Coronavirus-news May 13, 2020
NIEPVD’s face masks aim to enable deaf & hard of hearing people to overcome communication barriers
Face masks are here to stay but worldwide people who are deaf and hard of hearing are facing a major challenge as these masks are putting them at a communication disadvantage. The National Institute for the Empowerment of People with Visual Disabilities (NIEPVD) is producing transparent face masks to help address this.
Face masks could well become the norm for a long while given the widespread impact of the Covid-19 pandemic. But few of them are inclusive. If anything, they heighten the feeling of social isolation for people who are deaf and hard of hearing.
“We completely understand the necessity and need for the mask for prevention against Covid 19”, says Vahishtai J Daboo, Listening and Spoken Language Specialist and certified Auditory Verbal Therapist. She is also the co-founder and trustee of VConnect Foundation, a Mumbai-based support group for parents of children with a hearing impairment.
The population that we work with at VConnect are persons who use devices like cochlear implants and hearing aids. Retention of the face mask behind the ear becomes an issue as the hearing device is worn behind the ear. Also, we all at some level use lip reading in our daily communication. Persons with hearing loss, even those using devices, do lip read and need that as a crutch. The masks that are available today make it extremely difficult if not impossible to do that. – Vahishtai J Daboo, Founder, Vconnect Foundation
“Deaf people are finding it hard to communicate easily unless they are using finger spelling”, points out Ruma Roka, Funder, Noida Deaf Society. “Facial expressions and spatial movements are an integral part of sign language, grammar and communication”.
Heightened social isolation
Worldwide there has been no serious attempt to address this. There are some do-it-yourself solutions to make face masks more inclusive like the one designed by Ashley Lawrence, a college student in Kentucky, United States, Ashley adapted a standard cloth mask to add a clear plastic window over the mouth.
Then there’s this really cool-looking mask by Nike. These are face shields that cover the entire face in a thin shield of plastic. However, Nike is yet to mass produce these.
Eco-friendly face masks by NIEPVD
Back in India, the National Institute for the Empowerment of People with Visual Disabilities (NIEPVD) has recognised this gap and is doing something about it. Their solution is Nayan, transparent face masks that enable people who are deaf and hard of hearing to lip-read. The Dehradun-based institute has produced 50 such masks and distributed them among its staff.

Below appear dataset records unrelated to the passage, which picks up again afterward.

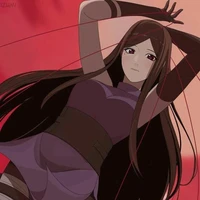 Uchiha Izumi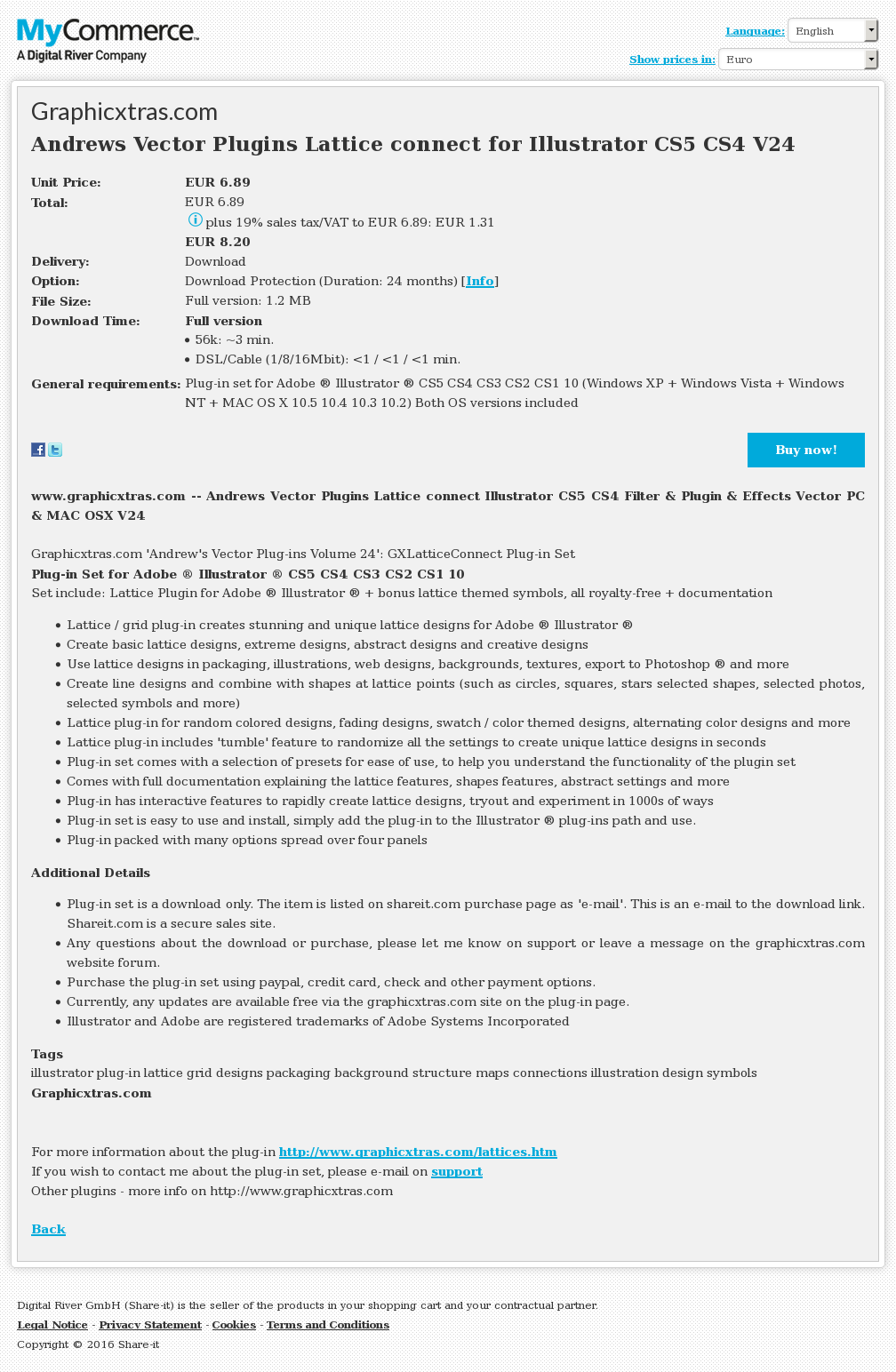 1008x1544 Andrews Vector Plugins Lattice Connect Illustrator Download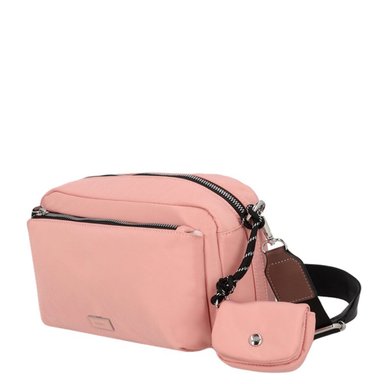 CARTERA SECRET ROSADO LAPLAND ST6 - 2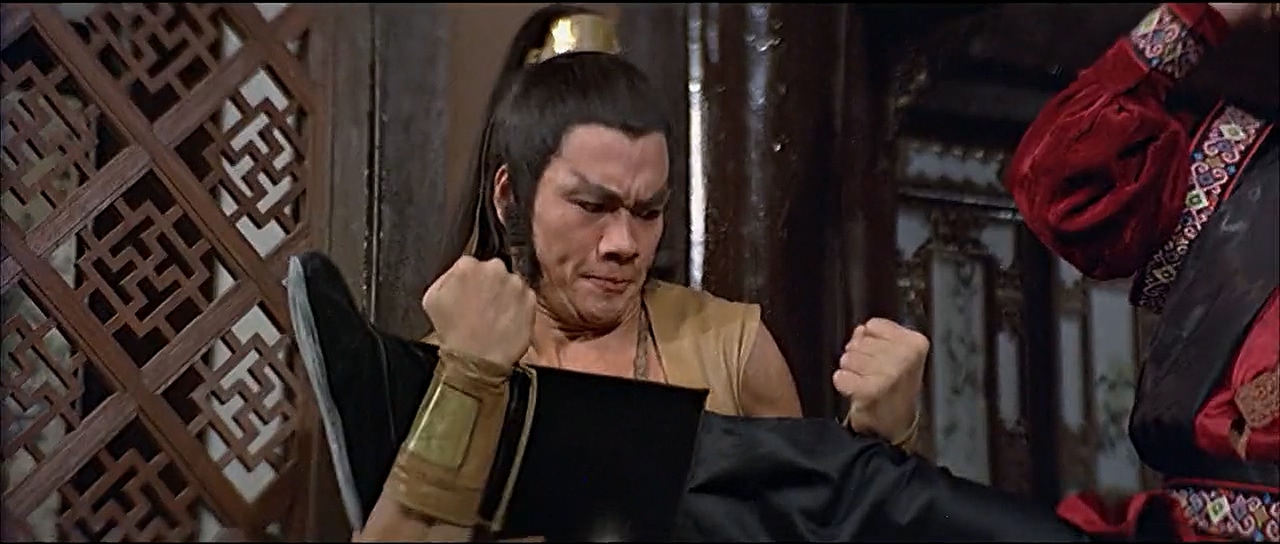 残缺剧照的剧照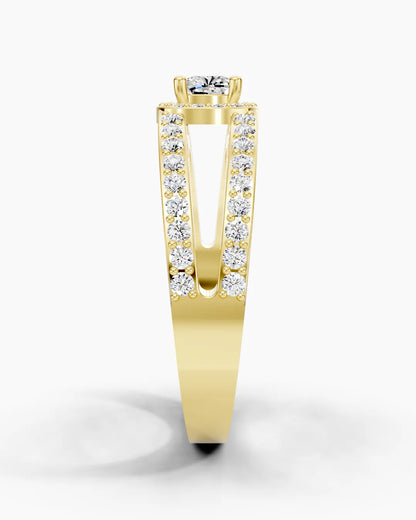 Adora Shine Women Ring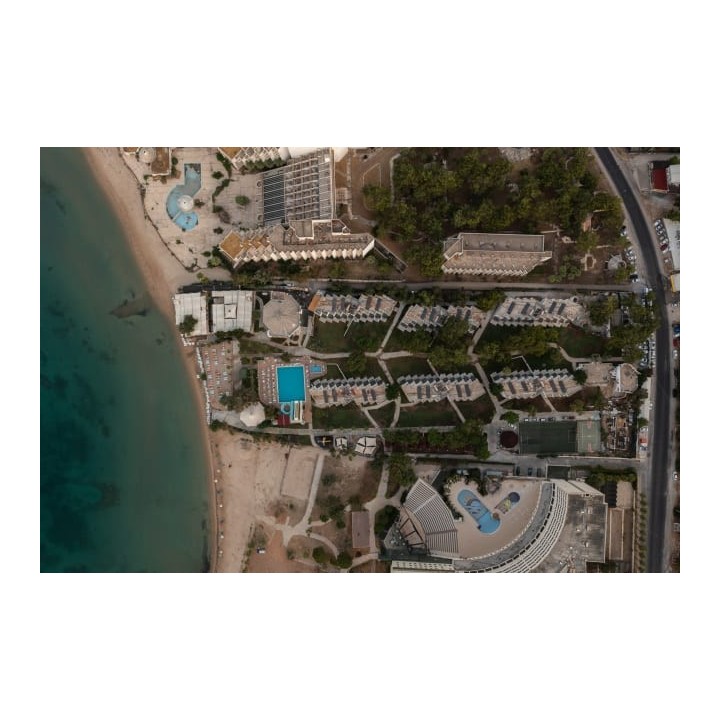 Maya World Didyma Hotel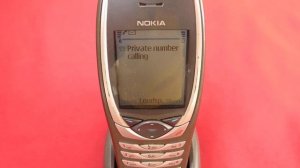 Nokia 6650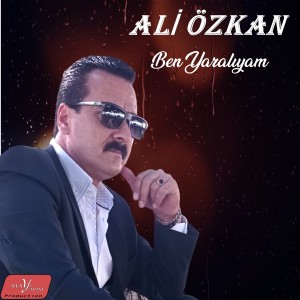 Dengarkan lagu Ben Yaralıyam nyanyian Ali Özkan dengan lirik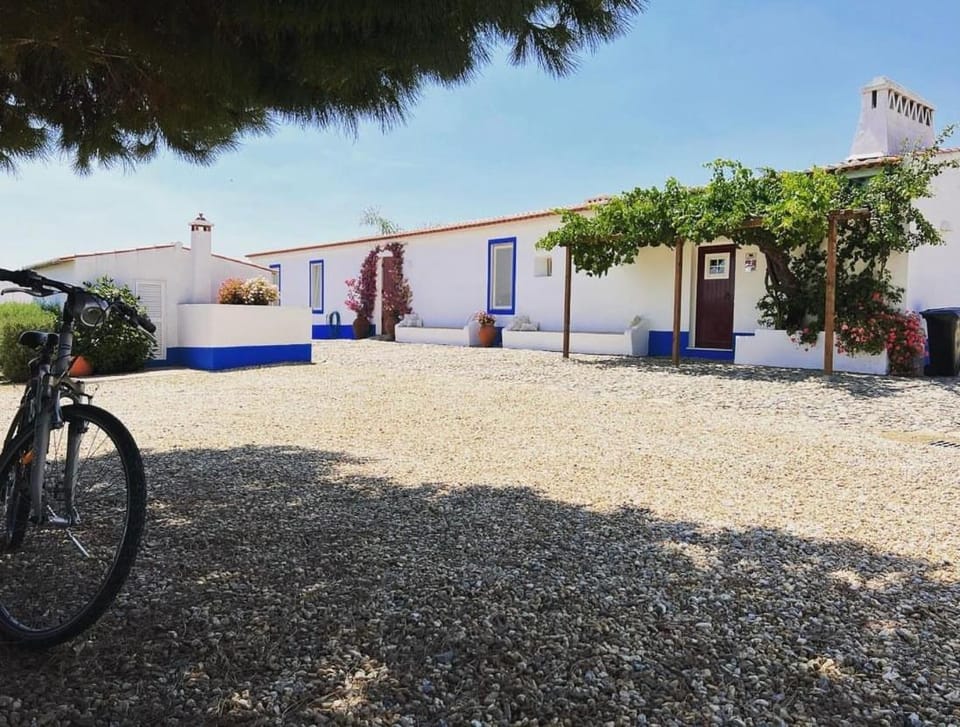Monte Capitão Country house House in Beja District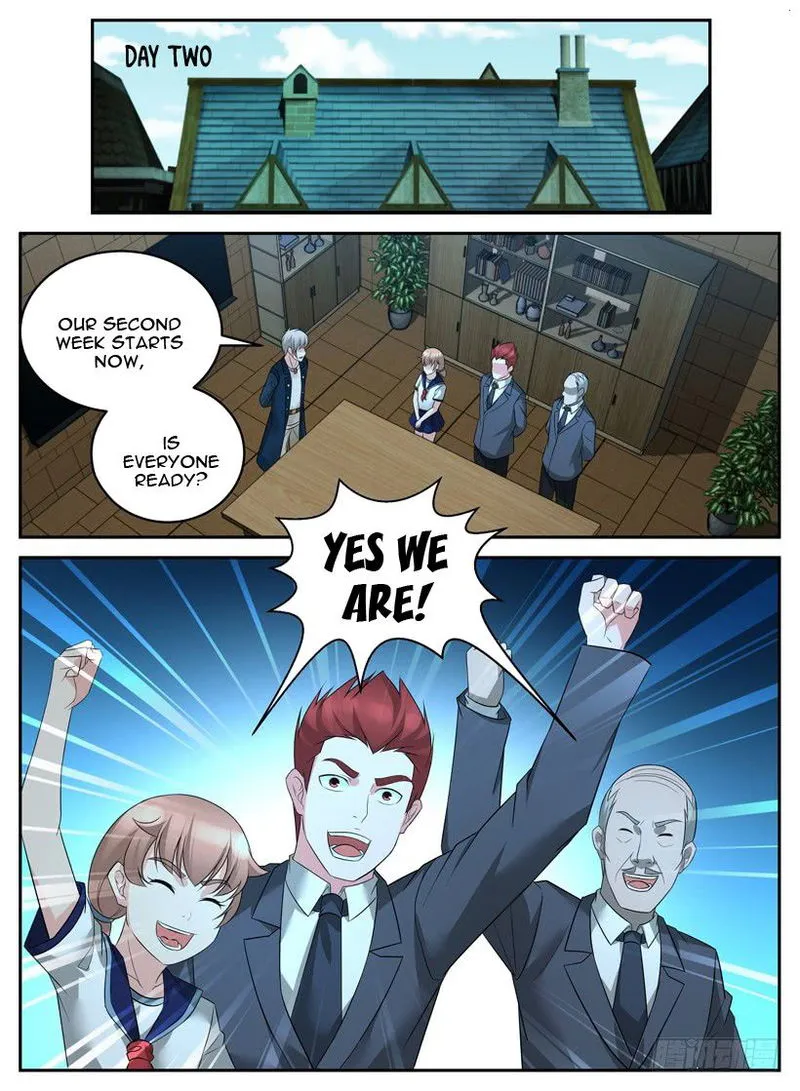 Rules for Peddling in Another World Chapter 36 Online - página 10
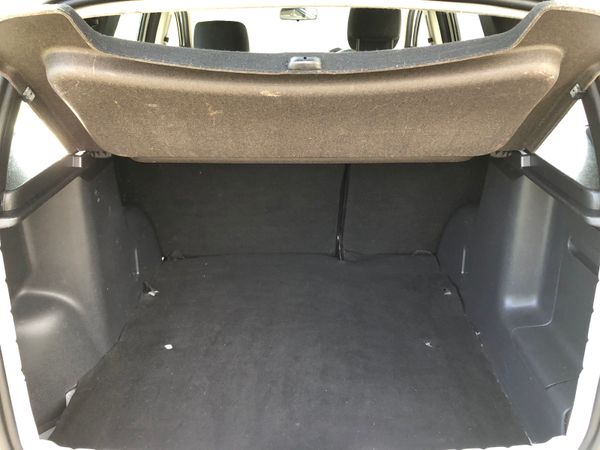 Dacia Duster 2015 ONLY 83k ! 368671116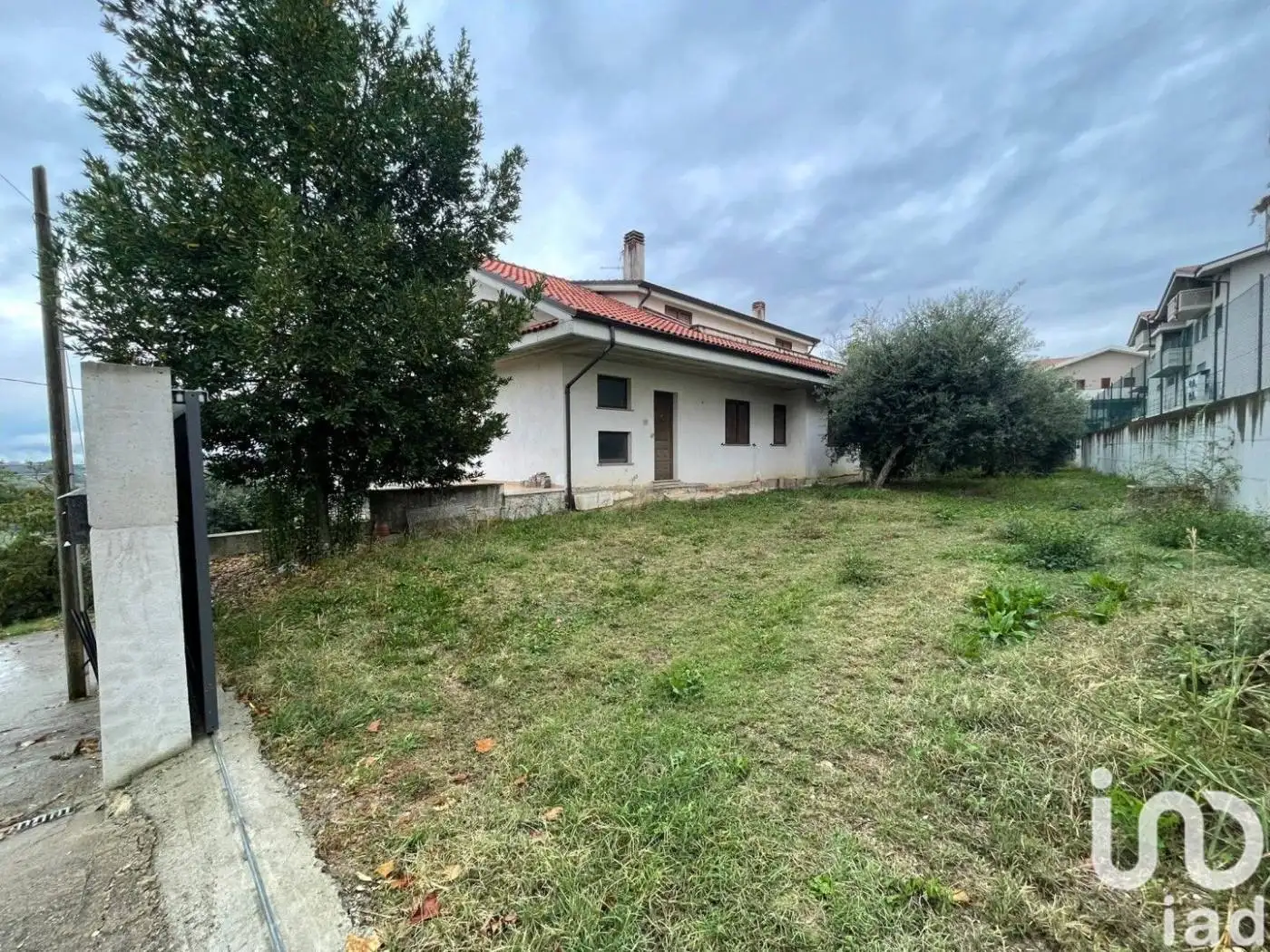 Villa in vendita a Pianella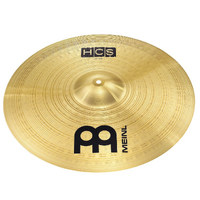 MEINL HCS 20 Inch Ride Cymbal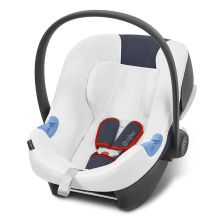 Летен калъф за стол за кола Cybex Aton B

The idea, says Nachiket Rout, Director, NIEPVD, was triggered about feedback from some employees said the masks act as a barrier to understanding others. Nayan masks are made of biopolypropylene. This is an eco-friendly, biodegradable plastic where the material side derived from plants.
The Nayan masks will be sent to the Ali Yavar Jung National Institute of Speech and Hearing Disabilities (AYJNISHD) in Maharashtra for quality testing. Based on the feedback from various stakeholders, the NIEPVD plans to approach the Centre with a request for transparent face masks.
“Quality testing will be crucial”, said Sunil M Mathew, Director, AYJNISHD to The Times of India. “This is important before proceeding with mass scaling since humidity and feelings of suffocation are factors to consider”.
In the meantime, one should all learn tips to become proactive communicators. One method suggested is to use a talk-to-text app. Another is to use a pen and paper to write out what you want to say. To the community, Vahishtai recommends some basic tips.
- Carry the UDID Card of their disability certificate that certifies that they have a hearing loss.
- If spoken language is used to communicate, “they need to try and ensure that when they are speaking they are speaking with clarity and speaking louder than normal as when using the mask the voice tends to get muffled”, says Vahishtai.
- Keep a note pad and pen or a phone handy to use use written text as a means to communicate and not be misunderstood for lack of clear communication.